Reclaiming What’s Ours

March 6, 2021

I walked in the office with a large black company coat hanging on my body.  Underneath I could feel the grip of my stretchy tight lower cut shirt and trendy jeans I was wearing.  My shoulders were slumped as I tried to make myself small and hide while entering this all too familiar counseling office.  My 6 foot tall male therapist greeted me with a bright smile as he waved his hand through the office door welcoming me in.

We started with the usual small talk about work and weather.  My body almost noticeably shuddering under my big black jacket as I built up the courage to bring up my newest awareness and worry.  He could tell there was something there.  Something I was holding in.  He asked me what was up.  With a shaky trembling voice I began.

“I’m worried” I said.

“I’m worried that the shirt I am wearing is too tight”

“That I shouldn’t be wearing it and I’m causing others to sin”

The fear in my voice broke way to crying as I was overwhelmed with fear, guilt and shame.

My counselor held the silence as he let my tears slow down to  small trickles down my face.  His eyes were soft and kind.  I could feel his concern for me.

“Danielle, will you let me see the shirt you are wearing?” he said.

Now my body was shaking.  Parts of me were terrified of being exposed, being seen.  But with disregard for the message of my fear I nodded my head and unzipped my jacket and stood up before him.

He looked me up and down.  I shuddered and bared his gaze, like I had so many times before, with so many men…  I could tell his look was different.  He wasn’t trying to undress me, but he was evaluating my body to clothing ratio.

“Yeah, Danielle your shirt is a bit too tight.  Just a bit too tight.”

I broke.  Balling.  Embarrassed.  Exposed.  He reflected back my greatest fear.  That what I put on my body would be too tight, unpleasing, sin-inducing for a man.  For man.  For all men.  

I left that session entirely disempowered and full of shame.  Yet I felt love from my therapist.

He wasn’t intentionally trying to harm me.  But he did.  He perpetuated every belief that was embedded inside of me that my body is not really mine.  It doesn’t really belong to me.  I need to turn to men to know what is right for my body.  I learned don’t pay attention to the feel of your clothing on your skin and what feels good, turn to a man to evaluate how you look.

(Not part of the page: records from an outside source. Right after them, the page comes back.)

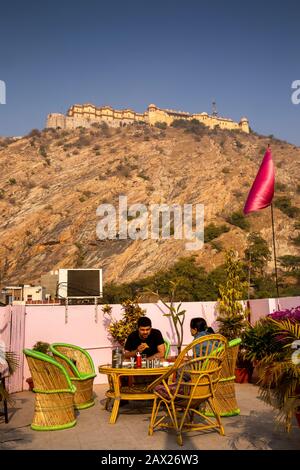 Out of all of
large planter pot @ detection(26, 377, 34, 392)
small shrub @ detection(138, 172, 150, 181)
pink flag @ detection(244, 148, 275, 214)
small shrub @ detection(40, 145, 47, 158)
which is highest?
small shrub @ detection(40, 145, 47, 158)

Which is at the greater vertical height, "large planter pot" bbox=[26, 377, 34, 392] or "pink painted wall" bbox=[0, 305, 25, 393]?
"pink painted wall" bbox=[0, 305, 25, 393]

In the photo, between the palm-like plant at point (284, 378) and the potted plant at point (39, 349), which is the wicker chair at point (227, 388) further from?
the potted plant at point (39, 349)

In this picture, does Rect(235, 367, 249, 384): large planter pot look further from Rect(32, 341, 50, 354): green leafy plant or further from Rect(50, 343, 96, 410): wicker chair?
Rect(32, 341, 50, 354): green leafy plant

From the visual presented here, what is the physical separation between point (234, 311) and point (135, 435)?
176 inches

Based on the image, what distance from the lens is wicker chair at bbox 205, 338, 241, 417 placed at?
4.66 m

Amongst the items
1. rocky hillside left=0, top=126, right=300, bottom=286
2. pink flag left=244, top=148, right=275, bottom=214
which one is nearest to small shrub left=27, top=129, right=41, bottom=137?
rocky hillside left=0, top=126, right=300, bottom=286

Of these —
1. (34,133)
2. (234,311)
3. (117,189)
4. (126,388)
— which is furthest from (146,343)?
(34,133)

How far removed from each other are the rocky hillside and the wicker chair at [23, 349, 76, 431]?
1138 inches

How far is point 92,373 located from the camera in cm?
561

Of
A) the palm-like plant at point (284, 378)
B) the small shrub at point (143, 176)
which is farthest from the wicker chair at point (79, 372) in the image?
the small shrub at point (143, 176)

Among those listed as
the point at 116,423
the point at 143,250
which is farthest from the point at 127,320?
the point at 143,250

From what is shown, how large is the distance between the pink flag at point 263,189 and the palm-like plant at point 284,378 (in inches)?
224

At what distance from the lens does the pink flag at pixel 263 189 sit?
8.69 meters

This story is a PG version of so many stories I have experienced like this in my life, and all of us women have experienced in some way or some form.

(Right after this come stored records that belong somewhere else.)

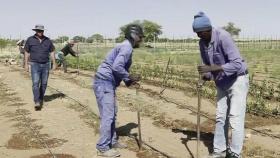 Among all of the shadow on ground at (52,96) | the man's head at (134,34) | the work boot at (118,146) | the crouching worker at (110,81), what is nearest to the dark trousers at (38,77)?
the shadow on ground at (52,96)

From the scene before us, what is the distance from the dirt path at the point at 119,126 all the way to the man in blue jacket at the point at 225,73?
0.76m

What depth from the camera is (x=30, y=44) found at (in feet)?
31.9

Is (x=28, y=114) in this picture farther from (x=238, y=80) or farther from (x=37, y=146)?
(x=238, y=80)

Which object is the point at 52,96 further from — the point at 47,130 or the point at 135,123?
the point at 135,123

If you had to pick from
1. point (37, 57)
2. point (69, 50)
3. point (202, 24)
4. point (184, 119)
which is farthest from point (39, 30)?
point (69, 50)

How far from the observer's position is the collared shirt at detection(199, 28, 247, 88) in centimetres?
518

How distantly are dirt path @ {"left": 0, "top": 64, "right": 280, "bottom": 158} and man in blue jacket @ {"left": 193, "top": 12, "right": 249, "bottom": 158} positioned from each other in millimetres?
761

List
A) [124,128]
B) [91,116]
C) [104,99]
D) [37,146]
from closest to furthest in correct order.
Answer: [104,99]
[37,146]
[124,128]
[91,116]

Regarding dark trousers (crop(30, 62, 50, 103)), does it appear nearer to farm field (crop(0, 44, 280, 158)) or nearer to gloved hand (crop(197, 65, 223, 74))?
farm field (crop(0, 44, 280, 158))

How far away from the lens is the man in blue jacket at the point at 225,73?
5.19 metres

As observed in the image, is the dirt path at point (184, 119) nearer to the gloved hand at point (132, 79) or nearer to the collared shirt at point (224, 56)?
the gloved hand at point (132, 79)

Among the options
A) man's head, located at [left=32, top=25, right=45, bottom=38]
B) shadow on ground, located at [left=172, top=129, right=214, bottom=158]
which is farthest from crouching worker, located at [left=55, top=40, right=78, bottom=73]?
shadow on ground, located at [left=172, top=129, right=214, bottom=158]

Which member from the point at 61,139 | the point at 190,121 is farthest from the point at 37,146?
the point at 190,121

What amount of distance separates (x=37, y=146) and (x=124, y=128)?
5.05 ft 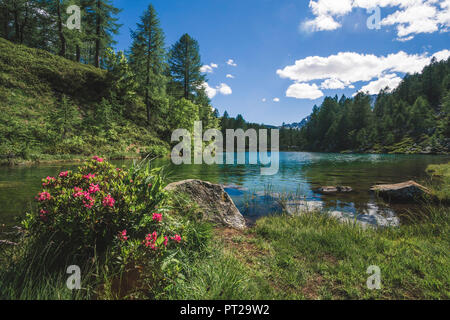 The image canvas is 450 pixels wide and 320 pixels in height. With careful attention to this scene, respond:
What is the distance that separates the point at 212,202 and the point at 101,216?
13.2 feet

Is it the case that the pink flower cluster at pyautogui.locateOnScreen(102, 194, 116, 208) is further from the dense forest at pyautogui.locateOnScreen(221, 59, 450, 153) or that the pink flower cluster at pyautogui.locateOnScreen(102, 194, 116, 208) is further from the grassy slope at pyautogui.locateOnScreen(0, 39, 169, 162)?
the dense forest at pyautogui.locateOnScreen(221, 59, 450, 153)

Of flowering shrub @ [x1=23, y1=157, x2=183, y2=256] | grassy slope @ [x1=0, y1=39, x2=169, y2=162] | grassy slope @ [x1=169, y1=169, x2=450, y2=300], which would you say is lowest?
grassy slope @ [x1=169, y1=169, x2=450, y2=300]

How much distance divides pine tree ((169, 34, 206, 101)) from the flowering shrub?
45.2 meters

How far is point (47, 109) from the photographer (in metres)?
24.1

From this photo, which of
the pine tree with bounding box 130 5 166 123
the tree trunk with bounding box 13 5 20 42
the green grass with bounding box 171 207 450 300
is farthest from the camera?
the tree trunk with bounding box 13 5 20 42

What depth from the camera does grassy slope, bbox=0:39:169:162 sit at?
62.2 feet

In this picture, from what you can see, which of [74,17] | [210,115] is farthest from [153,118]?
[74,17]

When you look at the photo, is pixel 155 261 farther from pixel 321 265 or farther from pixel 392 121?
pixel 392 121

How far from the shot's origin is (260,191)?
38.7ft

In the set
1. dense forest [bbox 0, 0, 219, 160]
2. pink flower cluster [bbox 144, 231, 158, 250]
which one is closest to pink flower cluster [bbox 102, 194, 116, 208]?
pink flower cluster [bbox 144, 231, 158, 250]

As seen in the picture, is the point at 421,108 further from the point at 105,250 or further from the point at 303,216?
the point at 105,250

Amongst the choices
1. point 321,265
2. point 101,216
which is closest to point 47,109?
point 101,216

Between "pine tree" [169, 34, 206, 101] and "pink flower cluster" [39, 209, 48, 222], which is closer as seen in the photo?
"pink flower cluster" [39, 209, 48, 222]

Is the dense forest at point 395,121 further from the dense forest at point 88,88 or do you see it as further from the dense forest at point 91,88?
the dense forest at point 88,88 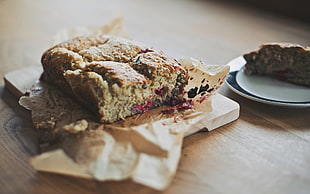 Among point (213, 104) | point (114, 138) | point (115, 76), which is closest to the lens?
point (114, 138)

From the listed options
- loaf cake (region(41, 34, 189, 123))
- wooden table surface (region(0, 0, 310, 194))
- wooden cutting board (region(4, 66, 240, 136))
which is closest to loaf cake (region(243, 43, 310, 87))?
wooden table surface (region(0, 0, 310, 194))

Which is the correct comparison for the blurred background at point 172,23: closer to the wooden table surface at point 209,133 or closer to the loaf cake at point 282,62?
the wooden table surface at point 209,133

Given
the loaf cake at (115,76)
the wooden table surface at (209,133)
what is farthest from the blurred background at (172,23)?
the loaf cake at (115,76)

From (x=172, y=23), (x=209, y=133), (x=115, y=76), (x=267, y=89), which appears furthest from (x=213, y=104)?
(x=172, y=23)

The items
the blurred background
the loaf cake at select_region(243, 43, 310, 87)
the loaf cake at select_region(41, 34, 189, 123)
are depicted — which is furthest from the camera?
the blurred background

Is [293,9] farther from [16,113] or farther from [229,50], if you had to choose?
[16,113]

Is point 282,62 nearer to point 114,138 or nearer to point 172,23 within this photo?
point 114,138

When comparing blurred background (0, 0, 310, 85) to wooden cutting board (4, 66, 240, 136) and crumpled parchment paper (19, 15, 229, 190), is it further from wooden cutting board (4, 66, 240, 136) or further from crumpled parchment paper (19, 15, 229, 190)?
crumpled parchment paper (19, 15, 229, 190)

As I wrote this story just now nausea rose inside of me thinking of my trembling little 17 year old body unzipping her coat to expose her breasts to her powerful male therapist.  Ughhh. Puke.  This is not okay on any level.  This was not okay for a man to evaluate me.  To once again take power and choice away from me.  He had so many choices about how to handle this with me.  Let’s take a look at some of them.

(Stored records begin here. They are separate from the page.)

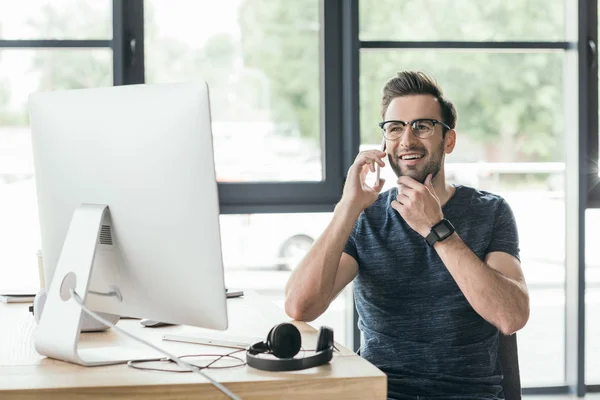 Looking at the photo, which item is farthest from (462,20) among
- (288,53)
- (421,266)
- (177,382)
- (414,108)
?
(177,382)

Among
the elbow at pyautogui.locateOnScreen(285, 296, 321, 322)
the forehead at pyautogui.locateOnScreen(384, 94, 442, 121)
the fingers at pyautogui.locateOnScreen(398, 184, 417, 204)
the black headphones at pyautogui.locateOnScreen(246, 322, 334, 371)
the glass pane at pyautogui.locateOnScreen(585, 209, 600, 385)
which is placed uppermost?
the forehead at pyautogui.locateOnScreen(384, 94, 442, 121)

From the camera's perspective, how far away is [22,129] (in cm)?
335

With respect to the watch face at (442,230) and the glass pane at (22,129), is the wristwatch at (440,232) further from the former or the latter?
the glass pane at (22,129)

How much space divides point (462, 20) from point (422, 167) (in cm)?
165

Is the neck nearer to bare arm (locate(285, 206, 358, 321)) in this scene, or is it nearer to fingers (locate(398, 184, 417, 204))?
fingers (locate(398, 184, 417, 204))

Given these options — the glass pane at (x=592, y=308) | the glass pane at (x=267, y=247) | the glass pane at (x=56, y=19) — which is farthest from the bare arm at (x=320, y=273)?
the glass pane at (x=592, y=308)

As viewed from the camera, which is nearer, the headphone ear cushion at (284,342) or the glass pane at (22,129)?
the headphone ear cushion at (284,342)

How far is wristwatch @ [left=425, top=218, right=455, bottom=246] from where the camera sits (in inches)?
77.6

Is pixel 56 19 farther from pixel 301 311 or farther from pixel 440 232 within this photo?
pixel 440 232

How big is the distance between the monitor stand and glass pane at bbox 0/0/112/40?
201 centimetres

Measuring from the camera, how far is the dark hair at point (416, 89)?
2.20 m

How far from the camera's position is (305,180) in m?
3.52

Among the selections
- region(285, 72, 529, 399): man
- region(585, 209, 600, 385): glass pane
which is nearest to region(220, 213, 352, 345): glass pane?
region(585, 209, 600, 385): glass pane

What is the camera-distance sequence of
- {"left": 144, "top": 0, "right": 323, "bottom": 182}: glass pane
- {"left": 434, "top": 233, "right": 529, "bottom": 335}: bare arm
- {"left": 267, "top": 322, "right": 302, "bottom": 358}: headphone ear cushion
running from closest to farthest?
{"left": 267, "top": 322, "right": 302, "bottom": 358}: headphone ear cushion < {"left": 434, "top": 233, "right": 529, "bottom": 335}: bare arm < {"left": 144, "top": 0, "right": 323, "bottom": 182}: glass pane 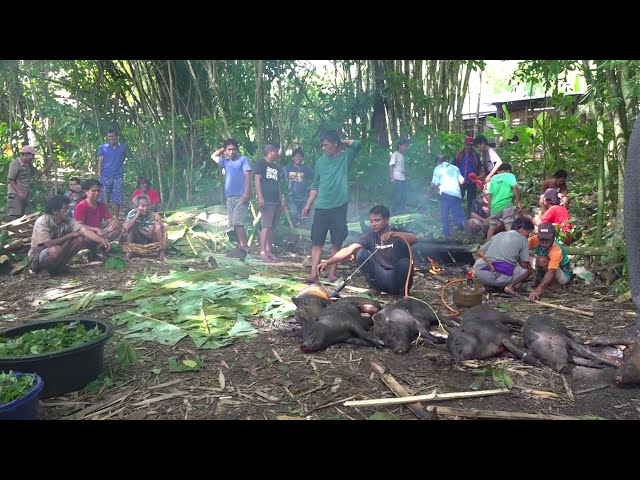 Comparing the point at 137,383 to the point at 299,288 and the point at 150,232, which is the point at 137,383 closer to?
the point at 299,288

“What makes you think it might be too tight Danielle?  Who would get to decide that?”

“How does your shirt feel on your body Danielle?”

“How do you feel about yourself when YOU look at yourself Danielle?”

“How do you want to feel in YOUR body Danielle?  How do YOU want your clothes to make you feel?”

“How did you learn that you are responsible for men sinning Danielle?  How could your body be responsible for their choices?”

I have so much rage as I write this.  I know this therapist of mine did care about me, and he was doing what came naturally to him without malice intent.  But it was not okay.  Not okay because he was a man.  And because he was a therapist who had power.  It was not okay on any level for him to decide that he could have an opinion about what was right for my body.

I continue to be on the journey of reclaiming my body from this moment and many many more.  I think there are many of you that can relate to this.  I think that one of the greatest political acts we can do as women is RECLAIM our bodies.  To embody them, make choices for them, own them on every level and take back the power that was taken from us and that we have continued to give away.

Reclaiming our bodies can look so many different ways.  There are endless ways that we as women feel it is right to reclaim what has always been ours.  This will look different for each of us.  This is new for so many of us.  And as we try-on this new way of being in owning these bodies we have been given, we may need to experiment a little about what feels good, what feels right for each of us as individuals.

For some women reclaiming their bodies  will look like getting a boob job, for others it will look like hairy legs and no make up.  Some will go bra-less and some will dress to the nines.  We are all different as women.  We have different make-ups, different biology, different stories and narratives, and so too the process of reclaiming our bodies will look different for each of us.

What is sad is that we as women are so used to being critical of each other and pitted against each other that even in this process of reclaiming our beautiful unique bodies we judge each other.  We think there is a right way and a wrong way.  As we try to find our own way, we make the mistake of thinking that our way must be THE way.  We are used to there being ‘THE way’, because we are used to men deciding “THE way’.  Let’s not do that to each other.  Let’s not do to each other what men have done to us for centuries.  Let’s find a NEW way, that has many ways, creative, intuitive, compassionate ways.

Let’s reclaim our bodies in all the ways, and let’s celebrate each other in all the ways as we find OUR way.  Our divine feminine way of being and moving in this world with all the parts of us valued and honoured and owned as ours and ours alone.